U.S. emergency department visits plummet during pandemic
U.S. emergency departments may be packed with coronavirus patients,
but the number of people coming in for other reasons has plummeted,
a U.S. study confirms. Researchers with the U.S. National Syndromic
Surveillance Program reported on Wednesday that compared to the same
period last year, emergency department visits between March 29 and
April 25 this year were down 42%, from 2.1 million per week to 1.2
million a week - even while the proportion of infectious
disease-related visits was four times higher than a year earlier.

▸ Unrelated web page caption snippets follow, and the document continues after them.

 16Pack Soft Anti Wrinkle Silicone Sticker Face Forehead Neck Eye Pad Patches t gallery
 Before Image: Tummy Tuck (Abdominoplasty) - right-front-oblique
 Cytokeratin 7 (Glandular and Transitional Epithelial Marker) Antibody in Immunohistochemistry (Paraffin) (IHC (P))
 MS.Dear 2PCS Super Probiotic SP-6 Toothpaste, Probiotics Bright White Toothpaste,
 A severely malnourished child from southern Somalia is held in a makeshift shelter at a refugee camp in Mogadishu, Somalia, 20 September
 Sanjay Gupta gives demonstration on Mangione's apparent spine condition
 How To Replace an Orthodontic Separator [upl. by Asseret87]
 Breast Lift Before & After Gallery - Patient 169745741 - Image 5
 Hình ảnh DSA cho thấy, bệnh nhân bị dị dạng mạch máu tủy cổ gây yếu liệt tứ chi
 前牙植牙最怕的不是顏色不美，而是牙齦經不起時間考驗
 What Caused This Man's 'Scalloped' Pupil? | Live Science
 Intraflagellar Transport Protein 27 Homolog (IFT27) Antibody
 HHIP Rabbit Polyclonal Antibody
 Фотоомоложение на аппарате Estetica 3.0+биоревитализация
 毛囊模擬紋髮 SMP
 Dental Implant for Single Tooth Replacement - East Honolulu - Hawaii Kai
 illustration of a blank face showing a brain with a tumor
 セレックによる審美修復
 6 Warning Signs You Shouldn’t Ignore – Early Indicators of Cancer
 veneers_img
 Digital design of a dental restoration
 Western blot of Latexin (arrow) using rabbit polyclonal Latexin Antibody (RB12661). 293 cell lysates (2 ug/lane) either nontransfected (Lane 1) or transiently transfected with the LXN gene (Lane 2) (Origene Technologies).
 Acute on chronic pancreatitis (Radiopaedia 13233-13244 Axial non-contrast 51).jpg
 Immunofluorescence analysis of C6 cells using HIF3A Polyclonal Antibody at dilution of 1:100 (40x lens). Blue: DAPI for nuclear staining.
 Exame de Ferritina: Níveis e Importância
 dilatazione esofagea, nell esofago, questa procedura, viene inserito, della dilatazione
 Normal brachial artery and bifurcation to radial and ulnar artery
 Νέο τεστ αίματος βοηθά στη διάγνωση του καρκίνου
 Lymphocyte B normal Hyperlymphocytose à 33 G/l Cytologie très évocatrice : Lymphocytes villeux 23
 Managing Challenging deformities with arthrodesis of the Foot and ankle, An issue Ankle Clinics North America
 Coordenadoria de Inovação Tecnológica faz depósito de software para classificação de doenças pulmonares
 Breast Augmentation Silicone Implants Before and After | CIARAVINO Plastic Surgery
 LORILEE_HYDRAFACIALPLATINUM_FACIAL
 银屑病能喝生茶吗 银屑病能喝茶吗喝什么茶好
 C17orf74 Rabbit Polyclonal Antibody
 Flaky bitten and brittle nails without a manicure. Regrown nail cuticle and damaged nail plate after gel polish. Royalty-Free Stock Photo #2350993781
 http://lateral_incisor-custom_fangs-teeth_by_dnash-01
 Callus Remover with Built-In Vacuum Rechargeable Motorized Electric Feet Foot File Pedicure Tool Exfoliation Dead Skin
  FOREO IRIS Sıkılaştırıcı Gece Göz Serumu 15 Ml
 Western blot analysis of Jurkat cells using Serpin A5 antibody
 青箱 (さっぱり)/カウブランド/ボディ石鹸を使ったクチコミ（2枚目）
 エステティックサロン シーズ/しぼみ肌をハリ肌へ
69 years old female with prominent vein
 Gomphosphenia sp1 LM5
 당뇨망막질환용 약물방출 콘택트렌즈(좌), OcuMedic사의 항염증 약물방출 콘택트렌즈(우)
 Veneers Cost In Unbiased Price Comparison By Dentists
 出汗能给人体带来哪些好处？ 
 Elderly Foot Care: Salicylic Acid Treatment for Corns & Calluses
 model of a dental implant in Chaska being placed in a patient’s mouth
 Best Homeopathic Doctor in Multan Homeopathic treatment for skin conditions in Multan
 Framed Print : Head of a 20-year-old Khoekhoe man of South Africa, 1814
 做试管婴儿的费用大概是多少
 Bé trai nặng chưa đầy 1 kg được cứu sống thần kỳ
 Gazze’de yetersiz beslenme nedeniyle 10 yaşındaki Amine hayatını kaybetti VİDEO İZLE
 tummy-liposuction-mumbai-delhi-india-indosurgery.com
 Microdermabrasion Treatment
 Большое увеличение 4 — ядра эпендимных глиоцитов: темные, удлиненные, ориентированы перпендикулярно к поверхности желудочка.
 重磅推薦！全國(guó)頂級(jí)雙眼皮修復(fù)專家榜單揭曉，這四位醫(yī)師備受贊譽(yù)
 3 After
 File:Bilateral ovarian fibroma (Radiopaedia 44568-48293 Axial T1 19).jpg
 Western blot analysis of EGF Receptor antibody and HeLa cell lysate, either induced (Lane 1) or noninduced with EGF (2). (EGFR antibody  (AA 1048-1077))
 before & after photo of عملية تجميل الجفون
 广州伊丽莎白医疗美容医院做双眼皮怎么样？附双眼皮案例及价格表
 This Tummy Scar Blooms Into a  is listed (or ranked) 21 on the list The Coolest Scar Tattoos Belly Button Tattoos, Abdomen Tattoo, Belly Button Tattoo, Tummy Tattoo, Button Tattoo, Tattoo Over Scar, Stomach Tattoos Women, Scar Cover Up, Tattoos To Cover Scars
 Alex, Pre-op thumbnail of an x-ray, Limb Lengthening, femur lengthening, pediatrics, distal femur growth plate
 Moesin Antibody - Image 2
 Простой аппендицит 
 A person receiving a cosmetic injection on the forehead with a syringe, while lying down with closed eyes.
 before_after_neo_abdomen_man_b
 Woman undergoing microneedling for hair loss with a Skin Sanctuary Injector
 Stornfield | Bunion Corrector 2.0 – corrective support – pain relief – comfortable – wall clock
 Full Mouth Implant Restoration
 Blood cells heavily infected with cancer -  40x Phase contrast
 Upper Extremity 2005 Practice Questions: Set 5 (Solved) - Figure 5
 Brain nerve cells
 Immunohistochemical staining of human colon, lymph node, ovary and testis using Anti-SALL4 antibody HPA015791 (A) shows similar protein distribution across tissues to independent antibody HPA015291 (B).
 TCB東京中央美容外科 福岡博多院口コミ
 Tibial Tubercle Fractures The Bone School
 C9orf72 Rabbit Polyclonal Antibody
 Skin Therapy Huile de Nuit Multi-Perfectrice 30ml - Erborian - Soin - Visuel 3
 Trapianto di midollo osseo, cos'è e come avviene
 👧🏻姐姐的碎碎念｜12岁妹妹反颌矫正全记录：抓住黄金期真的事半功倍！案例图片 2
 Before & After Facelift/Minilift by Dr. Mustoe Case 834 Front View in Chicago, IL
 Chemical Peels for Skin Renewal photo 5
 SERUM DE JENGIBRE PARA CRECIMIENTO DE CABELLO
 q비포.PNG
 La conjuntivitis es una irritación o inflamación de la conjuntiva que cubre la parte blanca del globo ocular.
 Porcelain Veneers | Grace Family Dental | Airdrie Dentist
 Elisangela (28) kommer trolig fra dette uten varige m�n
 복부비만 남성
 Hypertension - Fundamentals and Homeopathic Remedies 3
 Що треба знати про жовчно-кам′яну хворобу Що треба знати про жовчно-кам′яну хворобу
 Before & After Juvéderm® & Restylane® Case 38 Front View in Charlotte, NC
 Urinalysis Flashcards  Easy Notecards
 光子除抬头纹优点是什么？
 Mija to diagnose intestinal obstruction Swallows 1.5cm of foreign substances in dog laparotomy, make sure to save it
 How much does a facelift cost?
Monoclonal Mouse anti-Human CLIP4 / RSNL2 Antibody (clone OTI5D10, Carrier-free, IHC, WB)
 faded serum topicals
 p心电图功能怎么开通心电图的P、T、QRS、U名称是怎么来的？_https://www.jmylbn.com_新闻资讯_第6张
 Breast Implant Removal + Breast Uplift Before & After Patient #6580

Among the many conditions U.S. emergency departments saw less often
from January through May this year were chest pain, heart attacks,
ear infections, abdominal pain, muscle pain, high blood pressure,
urinary tract infections, and asthma. The authors of the study,
published in the U.S. Centers for Disease Control and Prevention's
Morbidity and Mortality Weekly Report, warn that declines in visits
for serious conditions could result in complications or deaths. They
say hospitals need to address patients' fears of coronavirus
exposure in the emergency department by screening everyone for
COVID-19 symptoms and by maintaining separate, well-ventilated
triage areas for patients with and without signs and symptoms of the
virus. Also, they say, health systems should "reinforce the
importance of immediately seeking care for serious conditions" and
expand access to phone lines and virtual visits where patients can
get guidance as to whether they need to go to an emergency room.